ASSIGNMENT: Starting at the line holding "balanitis mens health 1" and finishing at the line holding "Làm việc này", transcribe the material exactly, keeping both ends but no pictures.

DATA PROVIDED:
───
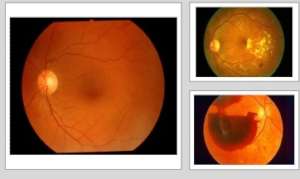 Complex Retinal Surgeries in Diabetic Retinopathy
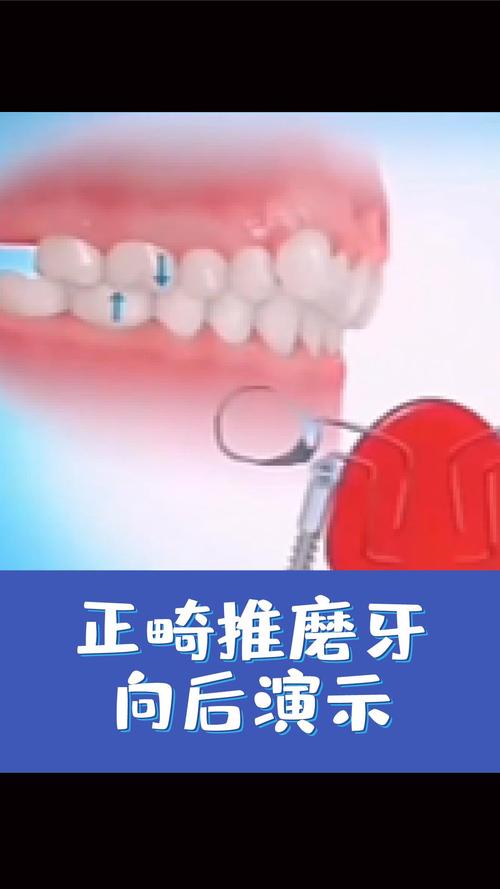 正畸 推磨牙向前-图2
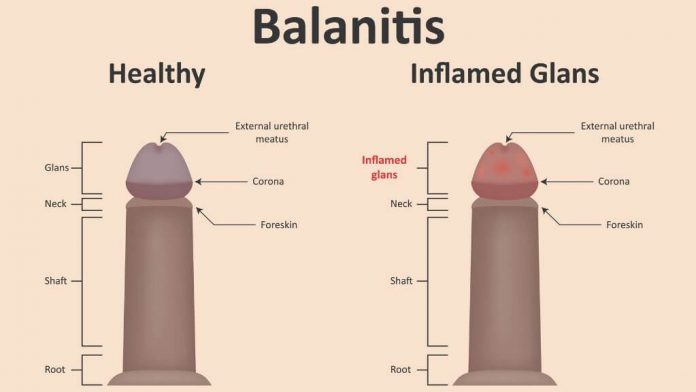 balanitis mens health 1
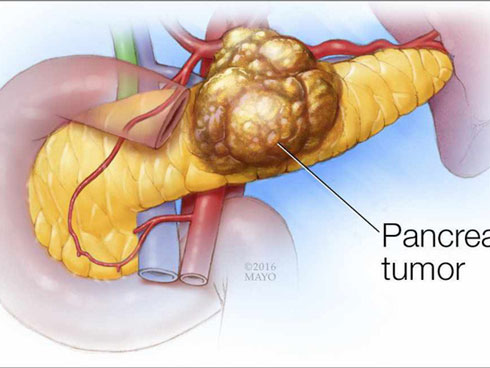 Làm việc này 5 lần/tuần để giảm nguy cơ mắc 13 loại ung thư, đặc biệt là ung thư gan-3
───
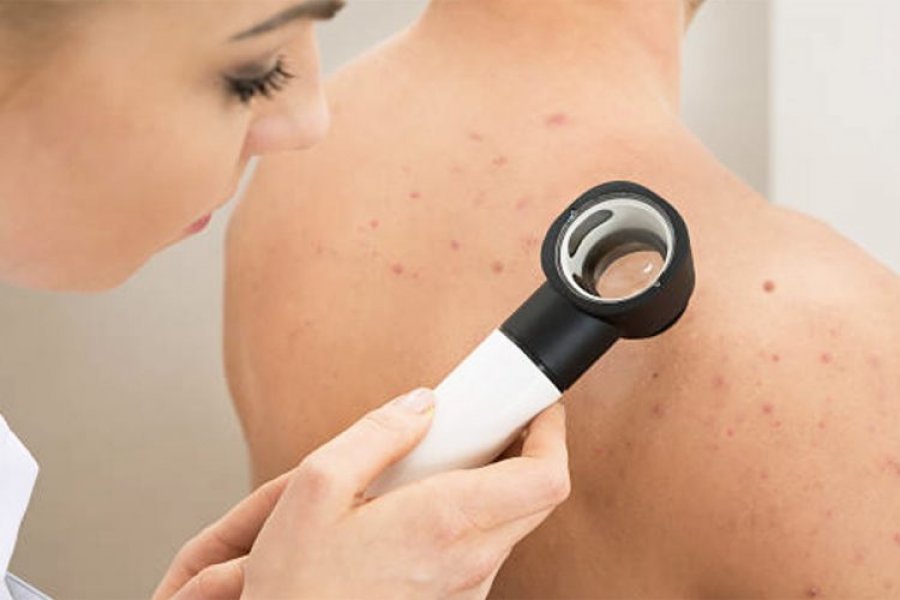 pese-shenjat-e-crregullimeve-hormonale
───
ANSWER FOR THIS EXERCISE:
 balanitis mens health 1
 Làm việc này 5 lần/tuần để giảm nguy cơ mắc 13 loại ung thư, đặc biệt là ung thư gan-3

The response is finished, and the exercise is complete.